O secretário reiterou que a pandemia de Covid-19 pode agravar a crise social, mas que a sociedade precisa estar pronta para repensar um novo modelo de desenvolvimento.

“Primeiramente, a gente precisa aprender que nada será resolvido em dois anos. Será ao longo de décadas e começará a dar certo quando a gente aprender a planejar o futuro”, defendeu.

Para o presidente da Funcap, Tarcísio Pequeno, a pandemia funcionou como uma lente de aumento, uma vez que a atuação da ciência, inovação e tecnologia se aproximou do cotidiano das pessoas com o desenvolvimento, cada vez mais em evidência, de pesquisas nas universidades e instituições brasileiras. Como exemplo local, ele citou o desenvolvimento do capacete de respiração assistida Elmo, a linha de financiamento da Funcap para execução de projetos que auxiliem no enfrentamento à Covid-19 e a tomada de decisões baseada na ciência de dados.

“A gestão das estratégias de combate ao coronavírus foi feita pelo Governo do Ceará a partir da gestão de dados.

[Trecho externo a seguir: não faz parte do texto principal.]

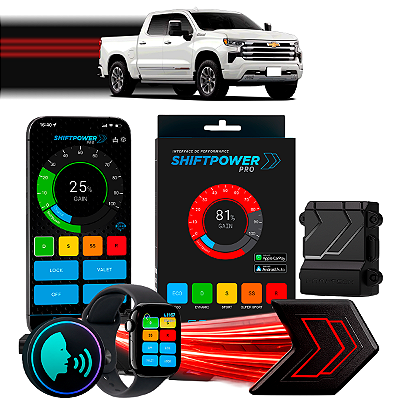 ShiftPower PRO Faaftech Chip Módulo Pedal Acelerador Controle Voz CarPlay Android Auto Chevrolet Silverado 2021/2025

Todas as decisões ocorreram a partir do aconselhamento do comitê científico e monitoramento do comportamento da doença”, disse.

O Comitê Científico de Combate ao Coronavírus auxilia os governadores a traçarem medidas desde o início da pandemia. Membro da coordenação do colegiado, o ex-ministro da Ciência e Tecnologia, Sérgio Rezende, destacou que a região, apesar dos indicadores sociais desfavoráveis, atravessa a pandemia à frente do Brasil devido ao alinhamento de diretrizes do colegiado. “A situação ainda não é de tranquilidade, mas enquanto o índice de mortes aumenta em Minas Gerais, por exemplo, nós estamos em queda na maioria dos estados”, pontua.

Ao afirmar que o Nordeste é exemplo devido à atuação do comitê científico e criticar a ausência de uma política nacional de enfrentamento à Covid-19, Ildeu de Castro disse que a pandemia traz, como lição, a necessidade de se respeitar as orientações científicas, médicas e sanitárias. Ele também destacou o papel da SBPC na luta para descontingenciar, no Congresso Nacional, o Fundo Nacional de Desenvolvimento Científico e Tecnológico (FNDCT), principal fonte de recursos para pesquisa no País.

“Muito do que a ciência brasileira poderia ter produzido para enfrentar a pandemia não foi possível por causa do bloqueio dos recursos de fomento, por isso estamos empenhados em desbloquear os 4 bilhões e meio congelados atualmente”, pontua.

O evento Pandemia, Desigualdade e Ciência foi realizado a partir da parceria da ESP/CE com a Fundação Cearense de Apoio ao Desenvolvimento Científico e Tecnológico (Funcap), Fundação de Apoio a Serviços Técnicos, Ensino e Fomento a Pesquisas (Fundação Astef) e a Sociedade Brasileira para o Progresso da Ciência (SBPC).